YOUR OBJECTIVE: Under this line are records; the part from the line containing "Venice, Olaszország - 2016." through the line containing "Flat Engleheart Road in Greater London" should be repeated exactly. Please exclude pictures.

EXERCISE DATA:
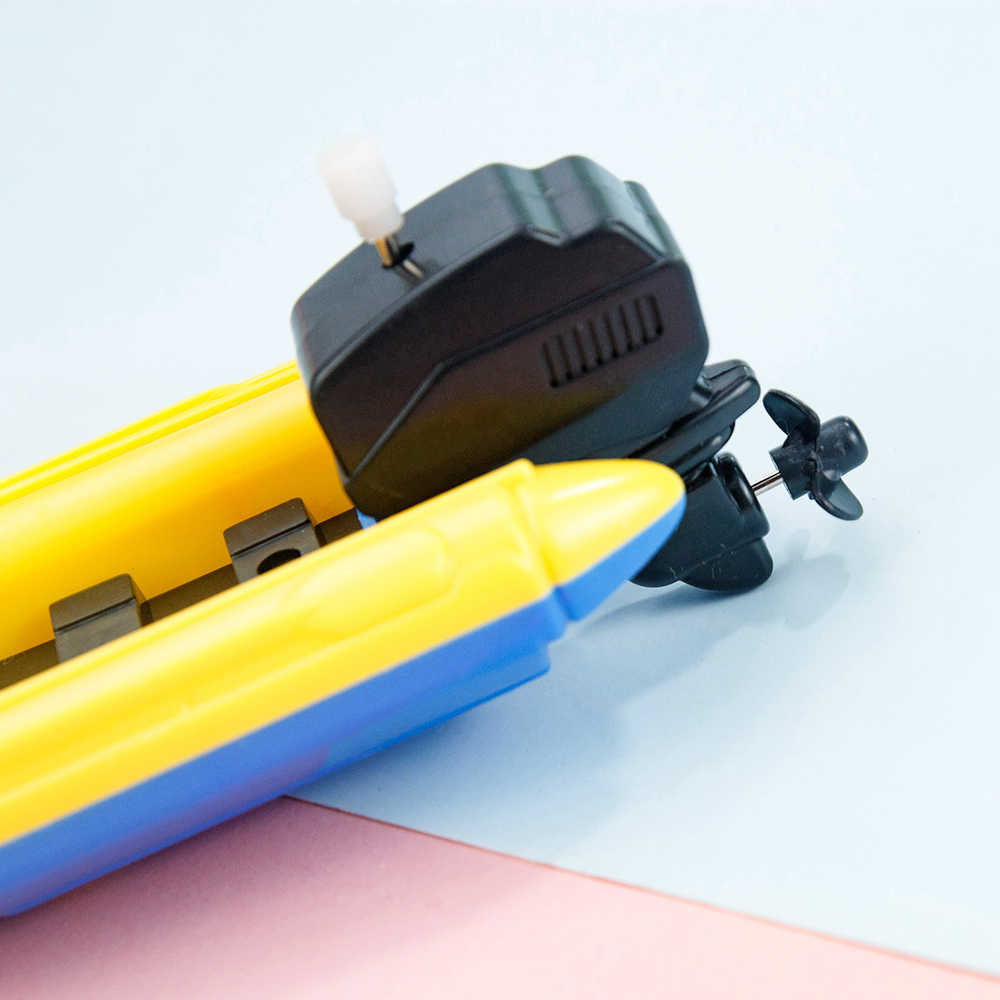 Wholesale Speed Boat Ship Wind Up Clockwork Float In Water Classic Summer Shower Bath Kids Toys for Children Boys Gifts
==
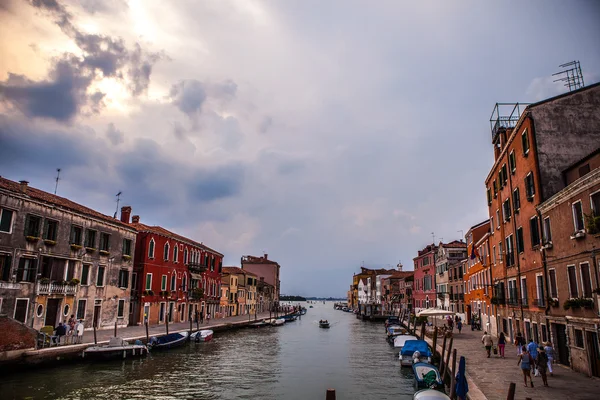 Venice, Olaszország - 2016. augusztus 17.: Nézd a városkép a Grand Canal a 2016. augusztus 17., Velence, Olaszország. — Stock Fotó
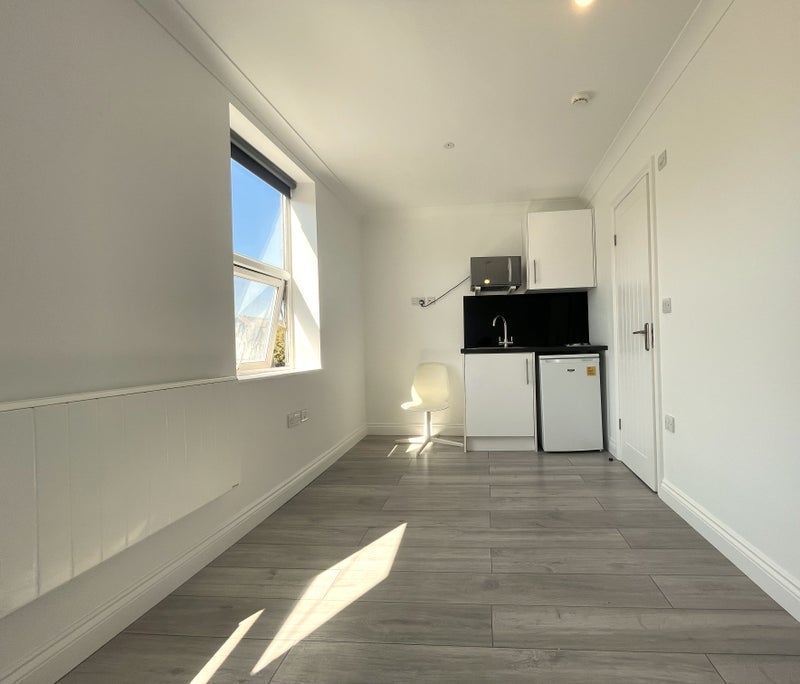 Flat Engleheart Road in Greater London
...
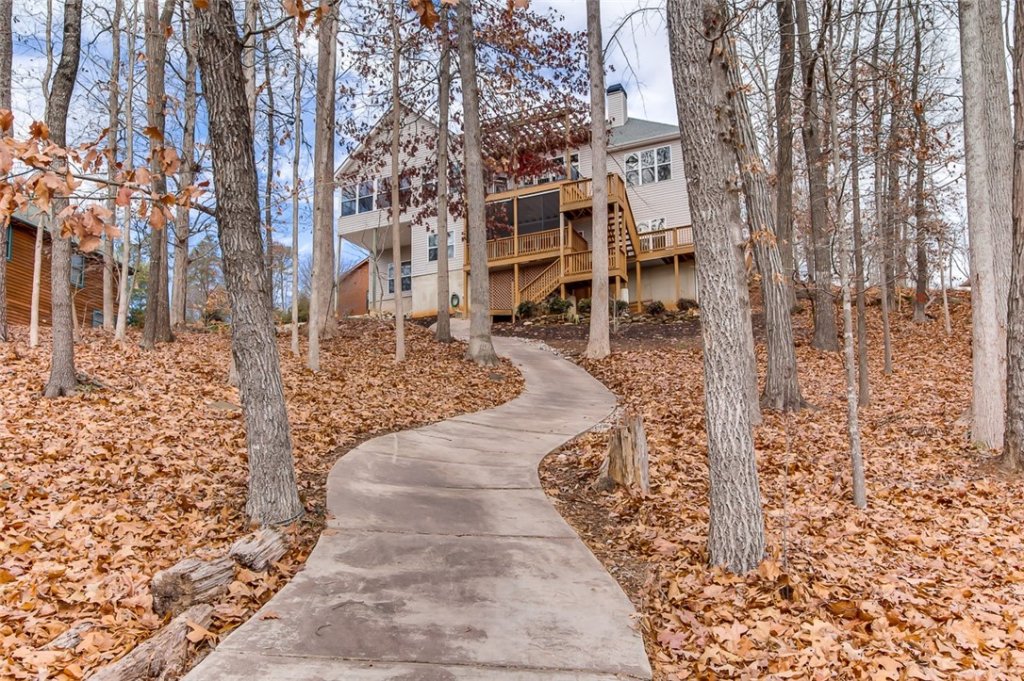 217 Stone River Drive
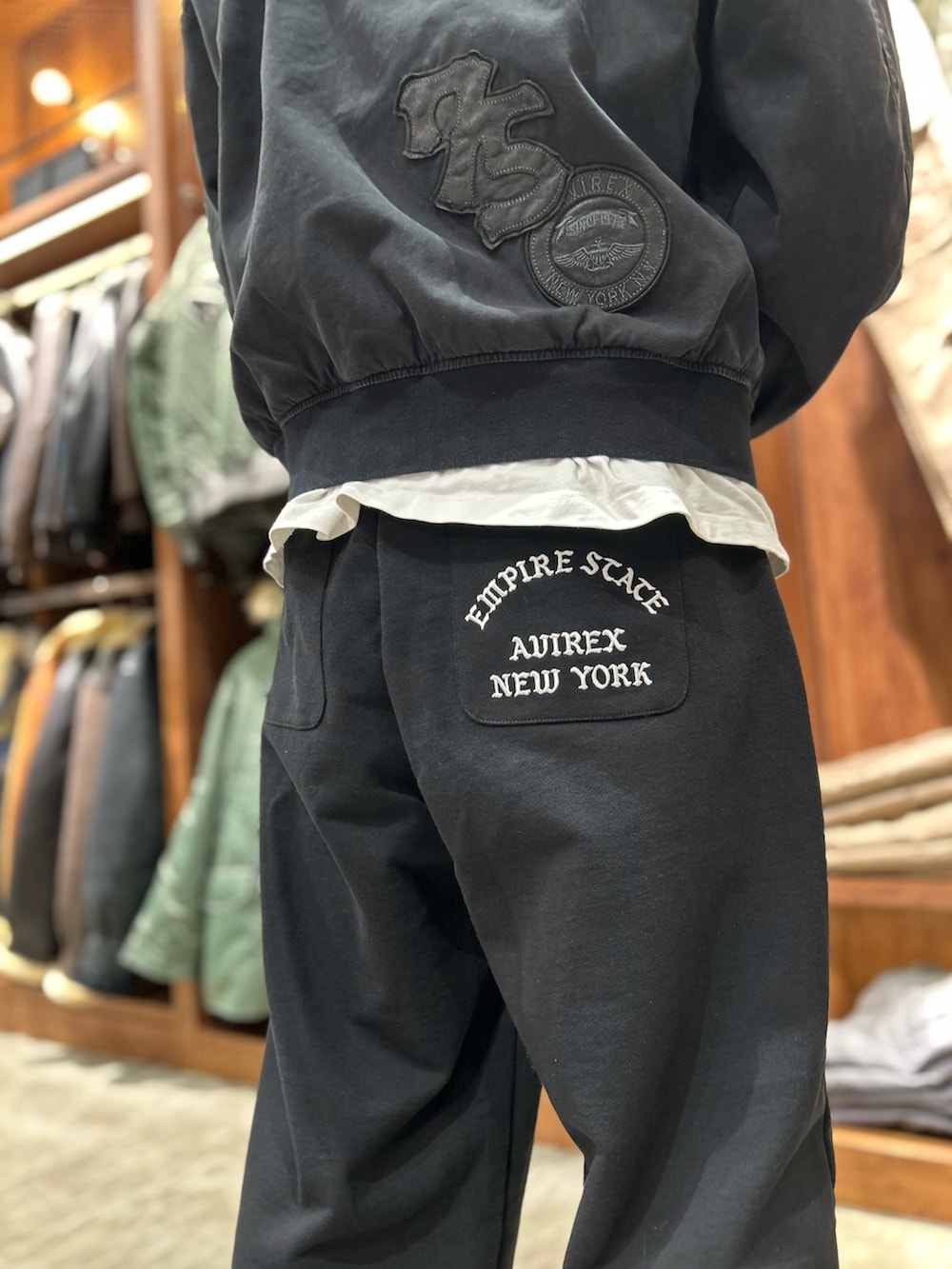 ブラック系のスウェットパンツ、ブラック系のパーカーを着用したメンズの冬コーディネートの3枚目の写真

TASK ANSWER:
 Venice, Olaszország - 2016. augusztus 17.: Nézd a városkép a Grand Canal a 2016. augusztus 17., Velence, Olaszország. — Stock Fotó
 Flat Engleheart Road in Greater London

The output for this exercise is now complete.